The draft bill would also allow broadband providers to "segment" their IP offerings and reserve "huge chunks" of bandwidth for their own uses, added Vinton Cerf, chief Internet evangelist at Google Inc., in a letter to the committee. The bill allows providers to create network capacity limitations, offer their own enhanced services over the network and protect the security and reliability of the network.

"My fear is that, as written, this bill would do great damage to the Internet as we know it," wrote Cerf, one of the creators of TCP/IP (Transmission Control Protocol/IP). "Enshrining a rule that broadly permits network operators to discriminate in favor of certain kinds of services and to potentially interfere with others would place broadband operators in control of online activity."

SBC is committed to allowing its customers to access the legal content of their choice, said James Ellis, the company's senior executive vice president and general counsel. But when Representative Rick Boucher, a Virginia Democrat, tried to get Ellis to commit to legal language to guarantee broadband capacity for customers, Ellis wouldn't bite.

"Our position on this is, like so many other things, that heavy-handed regulation shouldn't be there," Ellis said. "[Customers] will have ample capacity."

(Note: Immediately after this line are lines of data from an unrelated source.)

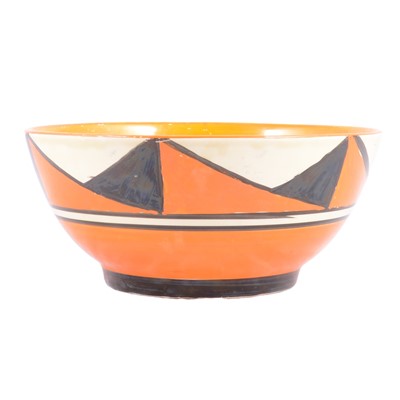 Lot 59 - A Clarice Cliff Bizarre hand painted bowl.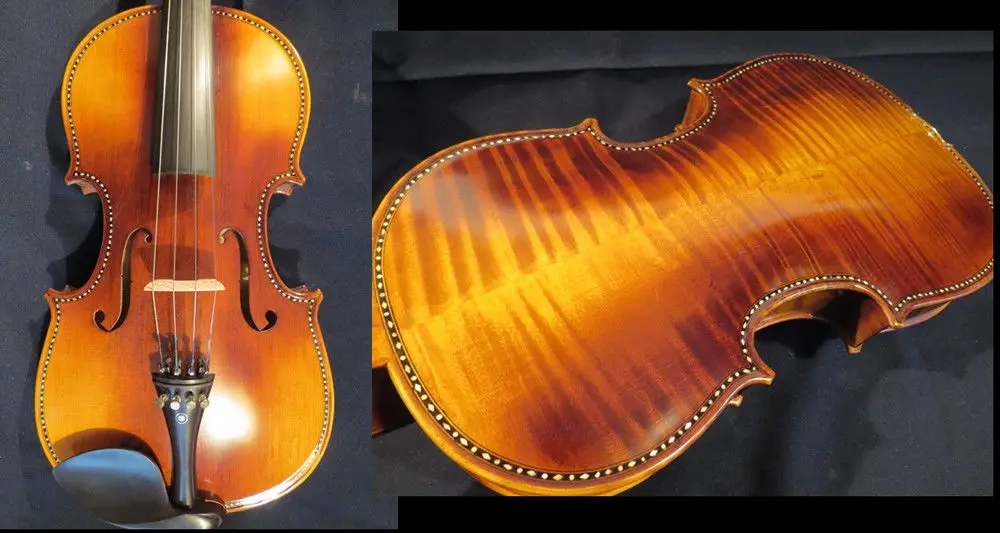 В стиле Гварнери SONG brand Professional Master inlay shell viola 17 &quot#12463|Альт| |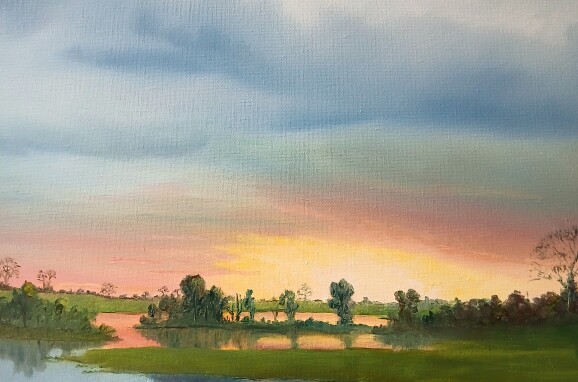 After the Storm . Larry Steen . 2023 . Oil on canvas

In addition to the network neutrality debate, the other big issue during the hearing was about streamlined franchise agreements for telecom carriers offering services that compete with cable television. The bill appears to narrow the number of profit centers from which local governments can collect a 5 percent franchise fee, and it appears to limit local government ability to require new broadband video carriers to provide public access channels, she said.